● Required work: I need the number of lines in the listing below that contain "show", and only that number.

● Data under study:
-*-

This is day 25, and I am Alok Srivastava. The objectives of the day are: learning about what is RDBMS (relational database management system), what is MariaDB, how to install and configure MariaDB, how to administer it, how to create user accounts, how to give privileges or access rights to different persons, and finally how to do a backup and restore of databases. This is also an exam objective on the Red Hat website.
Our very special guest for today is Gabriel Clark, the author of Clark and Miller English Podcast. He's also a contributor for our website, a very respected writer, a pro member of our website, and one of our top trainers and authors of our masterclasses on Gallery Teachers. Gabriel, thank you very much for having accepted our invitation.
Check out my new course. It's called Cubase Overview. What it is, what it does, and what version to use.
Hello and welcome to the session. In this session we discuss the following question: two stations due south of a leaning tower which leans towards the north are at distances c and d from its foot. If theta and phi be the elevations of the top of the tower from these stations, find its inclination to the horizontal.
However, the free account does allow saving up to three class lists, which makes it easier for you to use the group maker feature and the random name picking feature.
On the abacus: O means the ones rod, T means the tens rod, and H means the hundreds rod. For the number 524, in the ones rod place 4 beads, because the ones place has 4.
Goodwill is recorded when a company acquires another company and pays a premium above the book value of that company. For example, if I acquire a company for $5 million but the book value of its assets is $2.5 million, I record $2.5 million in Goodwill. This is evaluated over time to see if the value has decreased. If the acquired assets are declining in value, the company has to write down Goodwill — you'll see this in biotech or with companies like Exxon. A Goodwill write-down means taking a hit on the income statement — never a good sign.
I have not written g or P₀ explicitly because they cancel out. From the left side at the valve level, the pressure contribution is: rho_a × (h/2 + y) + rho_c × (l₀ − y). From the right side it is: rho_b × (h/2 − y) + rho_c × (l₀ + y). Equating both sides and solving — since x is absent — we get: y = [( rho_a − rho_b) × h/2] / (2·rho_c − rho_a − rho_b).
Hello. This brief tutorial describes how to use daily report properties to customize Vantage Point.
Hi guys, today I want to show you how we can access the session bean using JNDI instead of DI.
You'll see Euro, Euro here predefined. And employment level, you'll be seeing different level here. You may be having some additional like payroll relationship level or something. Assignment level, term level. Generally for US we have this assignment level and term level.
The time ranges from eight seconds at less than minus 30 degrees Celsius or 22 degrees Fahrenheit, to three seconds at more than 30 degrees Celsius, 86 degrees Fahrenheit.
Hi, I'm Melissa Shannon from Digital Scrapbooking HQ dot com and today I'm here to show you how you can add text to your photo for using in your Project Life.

-*-

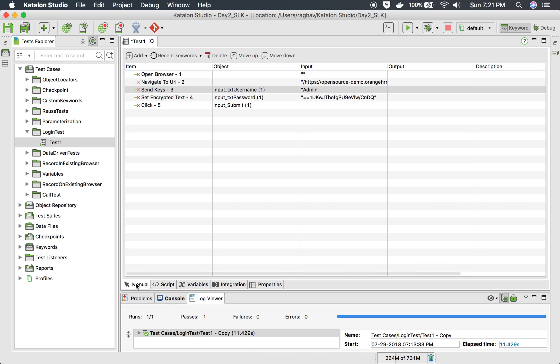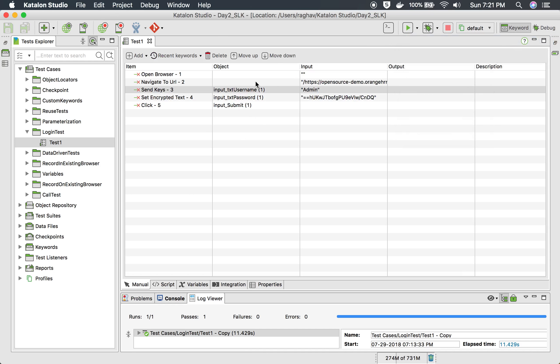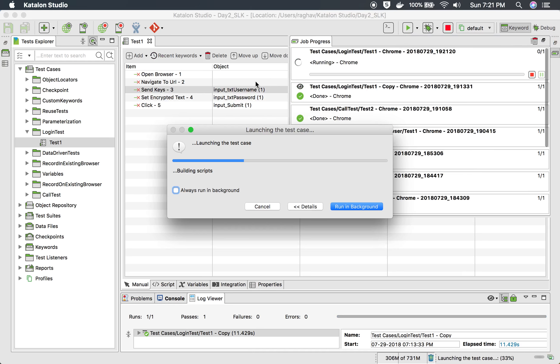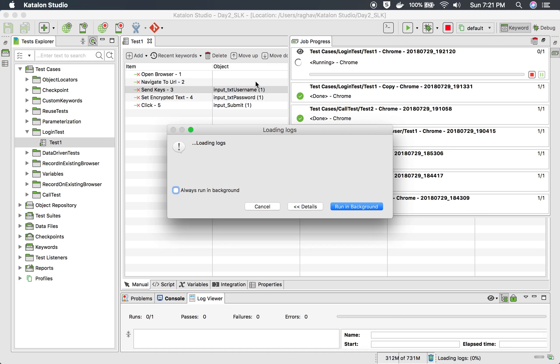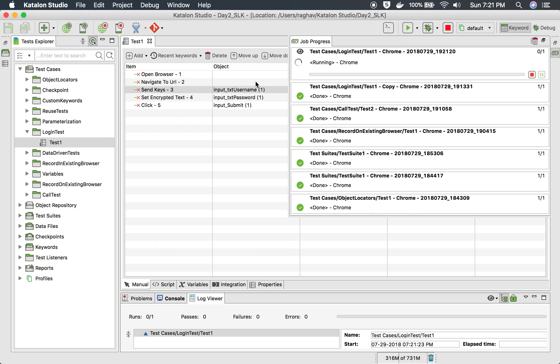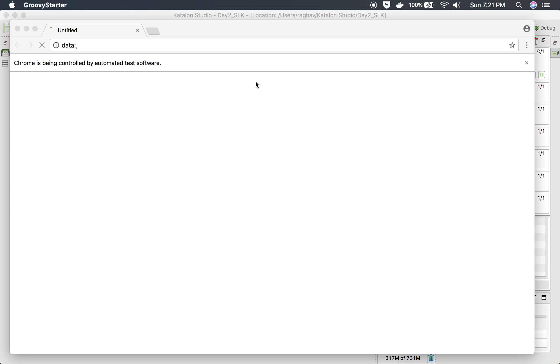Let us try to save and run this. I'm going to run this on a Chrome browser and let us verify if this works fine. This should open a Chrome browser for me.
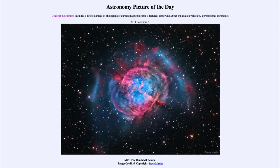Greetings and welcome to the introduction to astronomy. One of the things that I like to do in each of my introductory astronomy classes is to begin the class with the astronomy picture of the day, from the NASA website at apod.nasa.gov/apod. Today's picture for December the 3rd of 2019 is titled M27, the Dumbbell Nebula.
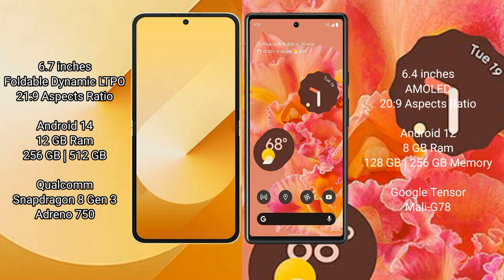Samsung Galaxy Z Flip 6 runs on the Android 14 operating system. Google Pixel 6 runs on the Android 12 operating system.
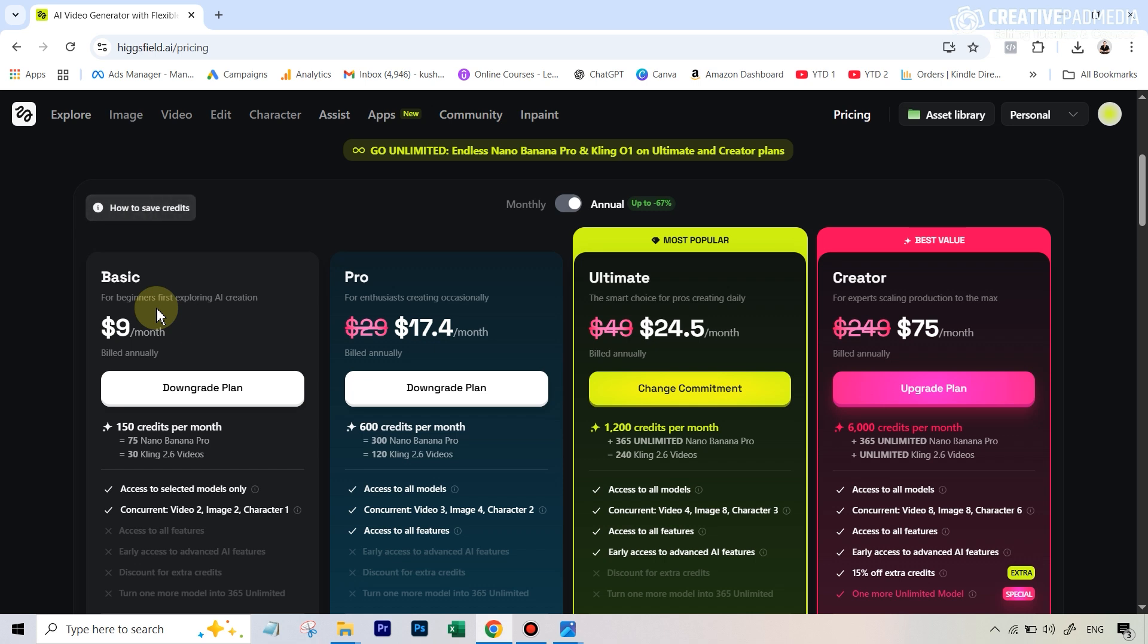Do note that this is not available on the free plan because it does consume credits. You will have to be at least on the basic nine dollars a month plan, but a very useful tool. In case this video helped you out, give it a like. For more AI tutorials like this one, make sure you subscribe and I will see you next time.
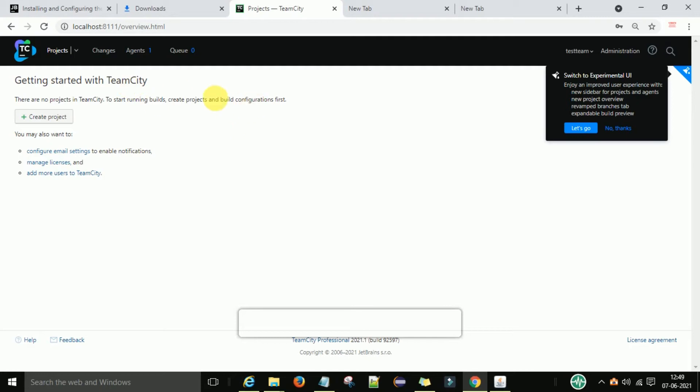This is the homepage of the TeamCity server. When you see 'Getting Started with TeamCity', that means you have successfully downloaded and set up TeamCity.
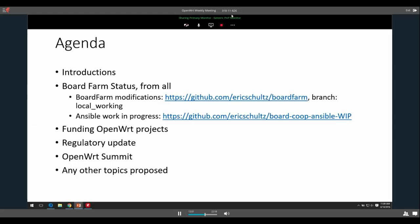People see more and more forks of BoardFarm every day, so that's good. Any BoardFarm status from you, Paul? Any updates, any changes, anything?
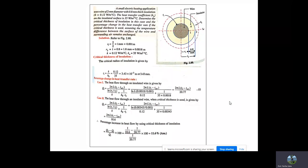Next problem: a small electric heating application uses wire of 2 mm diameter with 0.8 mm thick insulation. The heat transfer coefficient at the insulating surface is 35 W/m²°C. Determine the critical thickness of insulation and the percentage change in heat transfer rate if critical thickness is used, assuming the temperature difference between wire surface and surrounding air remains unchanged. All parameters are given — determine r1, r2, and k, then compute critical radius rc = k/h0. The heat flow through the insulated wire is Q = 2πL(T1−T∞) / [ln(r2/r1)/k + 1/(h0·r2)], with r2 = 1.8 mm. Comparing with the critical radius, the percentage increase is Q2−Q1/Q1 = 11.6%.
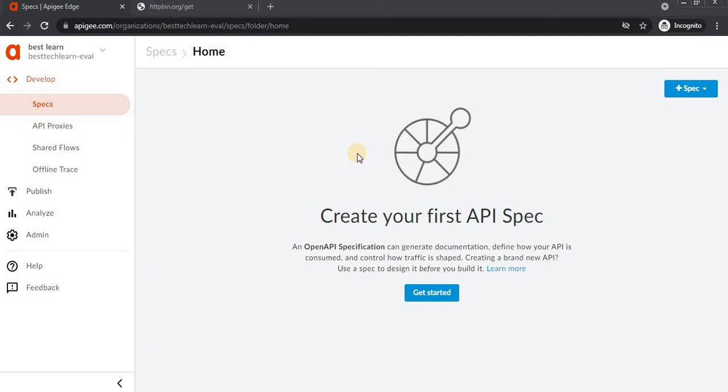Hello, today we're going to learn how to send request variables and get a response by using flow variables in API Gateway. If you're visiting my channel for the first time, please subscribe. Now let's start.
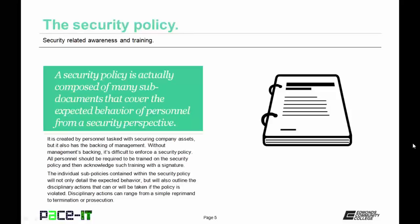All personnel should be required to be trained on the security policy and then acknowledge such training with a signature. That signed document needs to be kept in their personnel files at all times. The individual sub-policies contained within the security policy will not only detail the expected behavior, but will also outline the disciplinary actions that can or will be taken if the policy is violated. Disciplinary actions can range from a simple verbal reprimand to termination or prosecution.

-*-

● Output for this exercise: 2